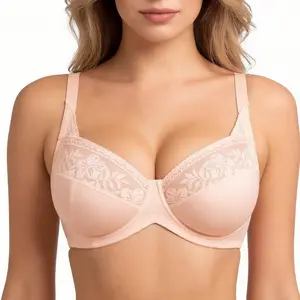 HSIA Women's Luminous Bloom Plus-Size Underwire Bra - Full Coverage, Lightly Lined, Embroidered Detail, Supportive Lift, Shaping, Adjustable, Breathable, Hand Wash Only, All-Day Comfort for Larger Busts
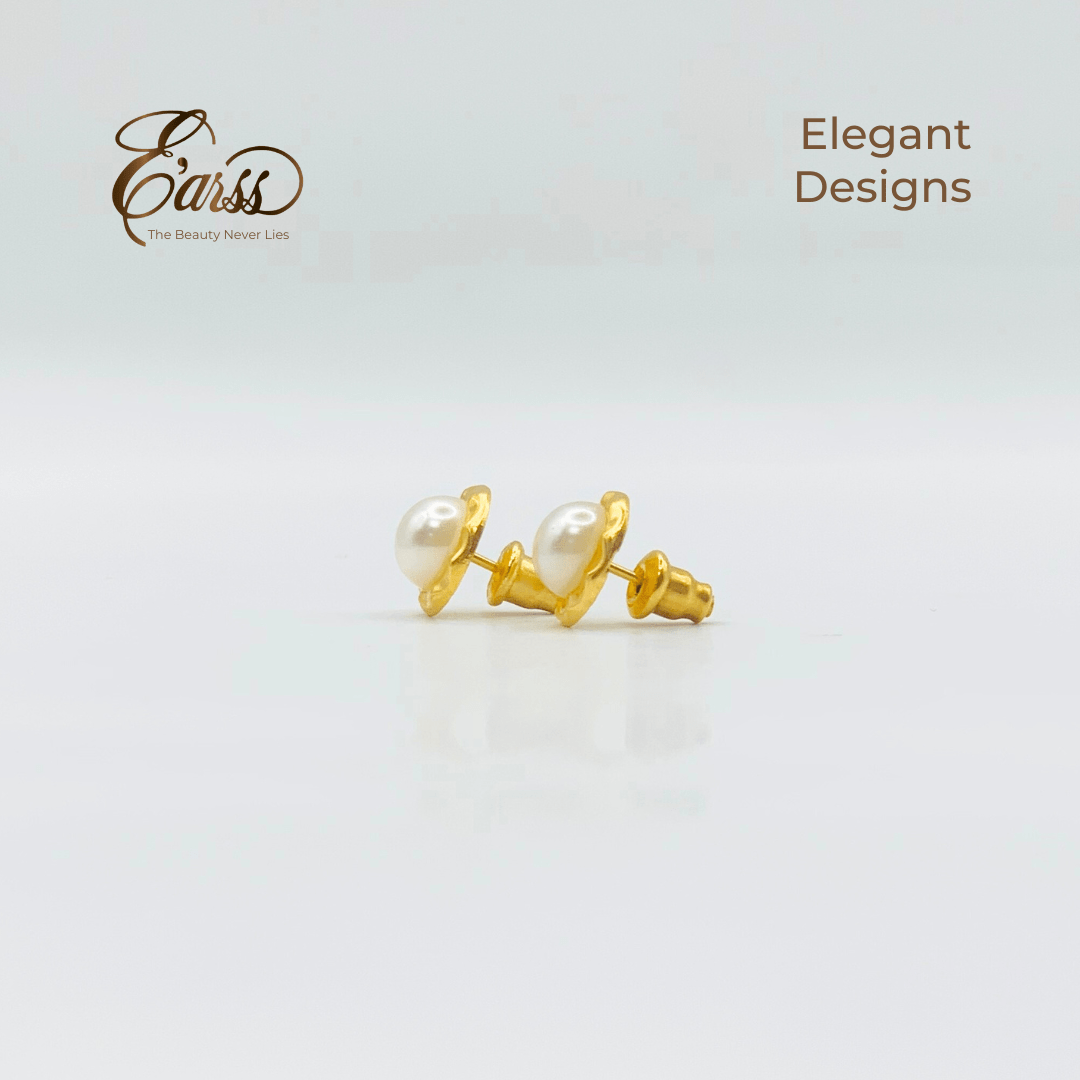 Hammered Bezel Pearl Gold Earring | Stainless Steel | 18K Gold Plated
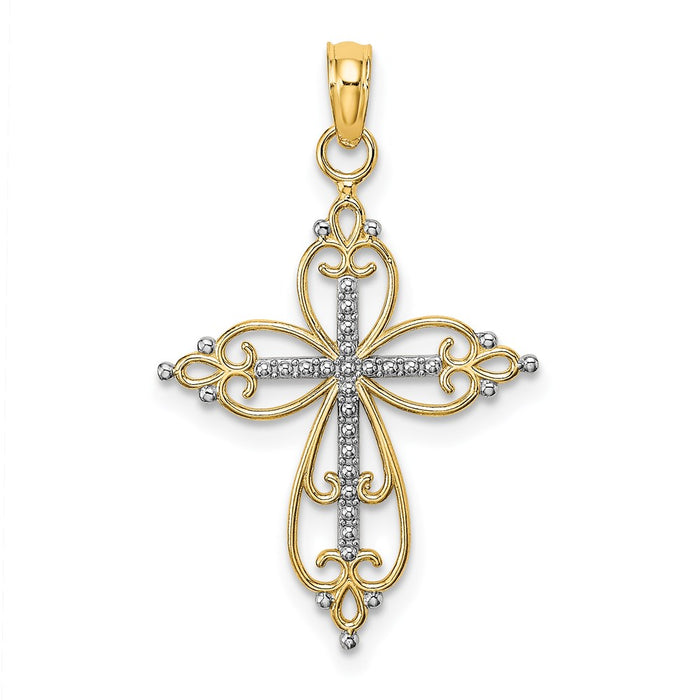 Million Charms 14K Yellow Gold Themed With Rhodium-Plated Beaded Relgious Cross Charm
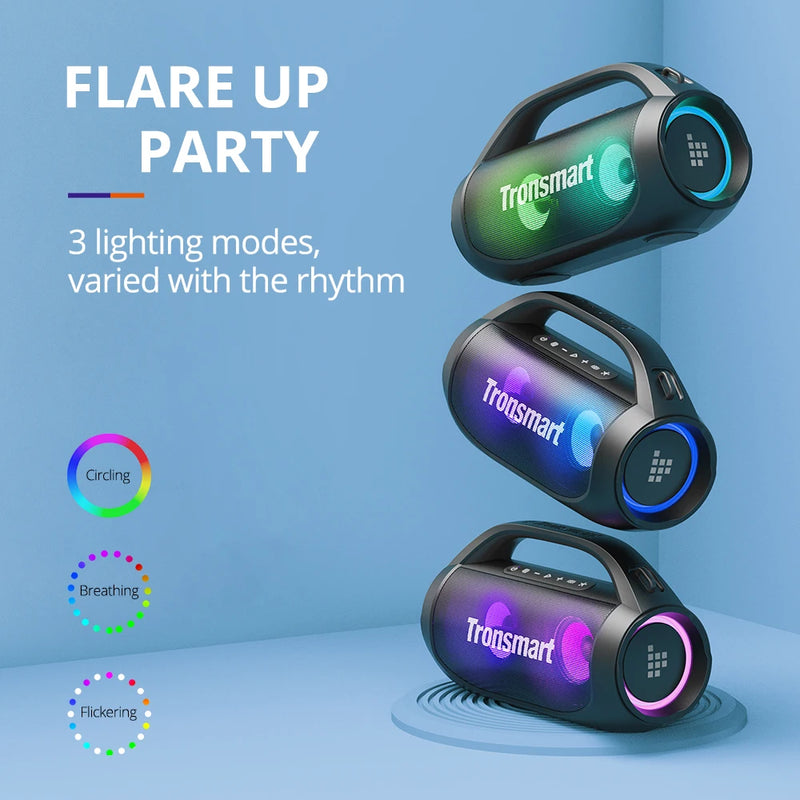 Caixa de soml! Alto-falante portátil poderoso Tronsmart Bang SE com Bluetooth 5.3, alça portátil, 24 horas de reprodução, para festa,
═══
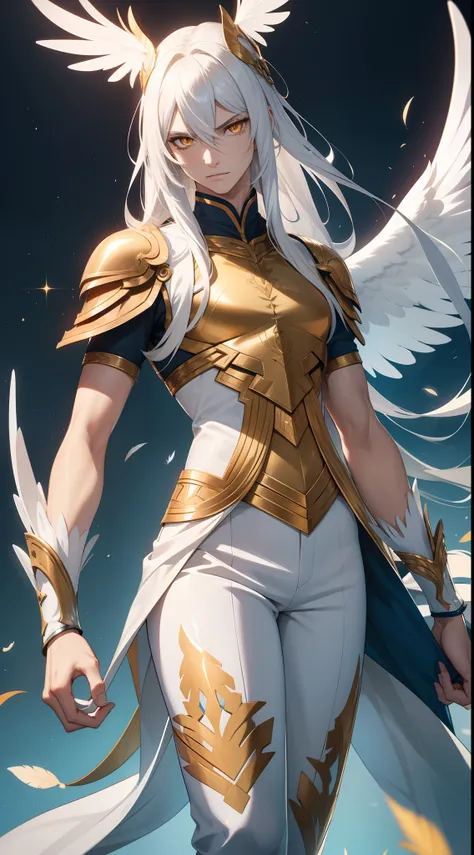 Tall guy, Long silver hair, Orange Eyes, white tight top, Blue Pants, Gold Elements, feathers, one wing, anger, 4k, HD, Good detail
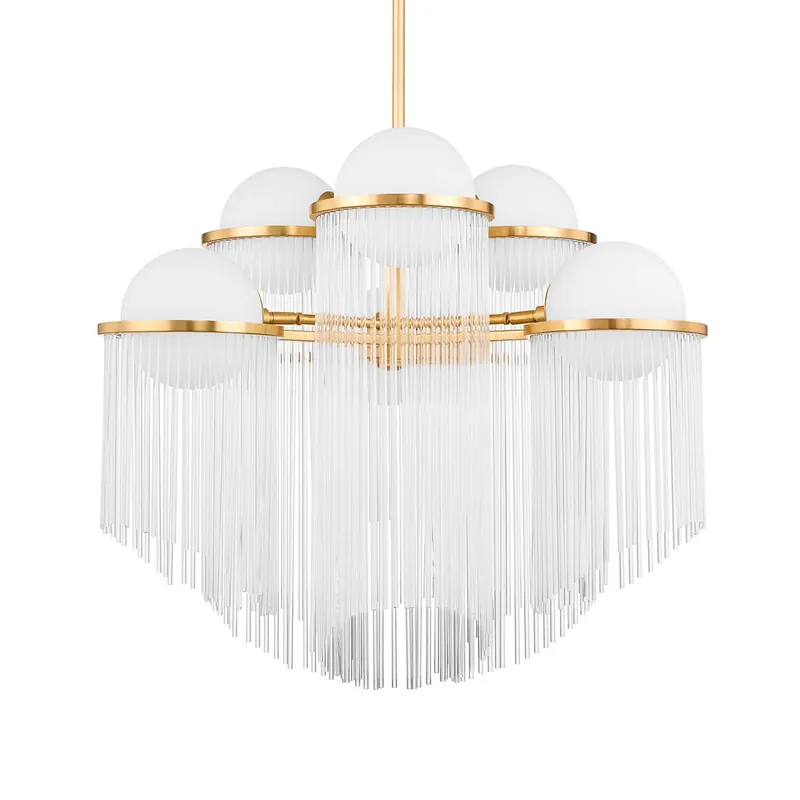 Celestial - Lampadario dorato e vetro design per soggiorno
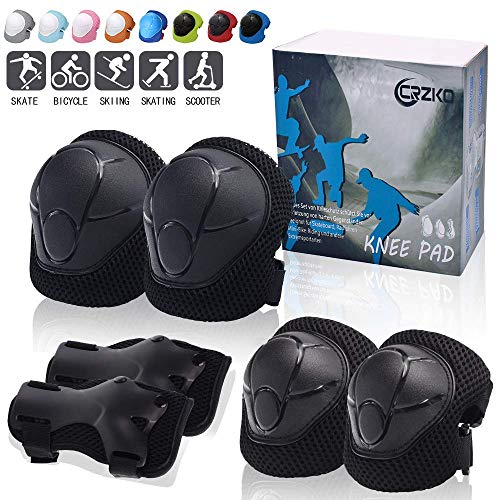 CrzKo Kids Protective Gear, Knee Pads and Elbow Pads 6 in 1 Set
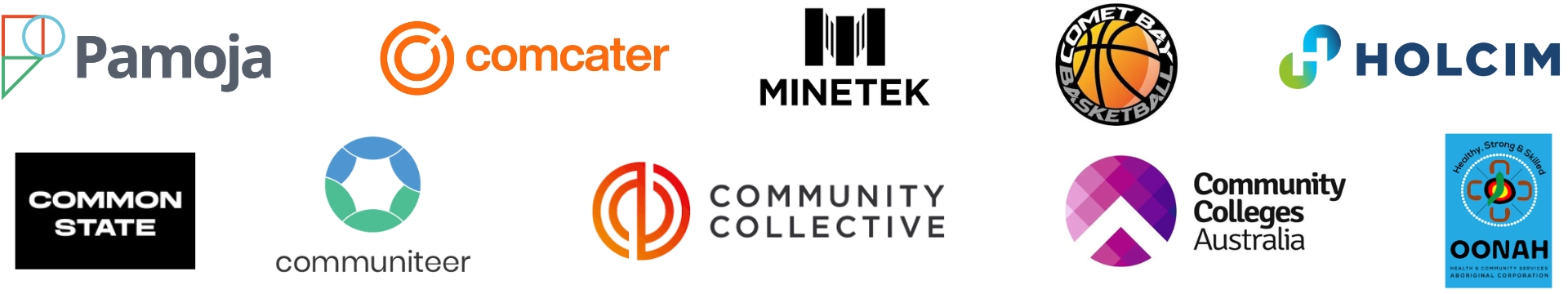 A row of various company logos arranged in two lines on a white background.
═══
Copy the listing above exactly, but only from the line with "Celestial - Lampadario" through the line with "A row of various", including those two lines and excluding any picture.

 Celestial - Lampadario dorato e vetro design per soggiorno
 CrzKo Kids Protective Gear, Knee Pads and Elbow Pads 6 in 1 Set
 A row of various company logos arranged in two lines on a white background.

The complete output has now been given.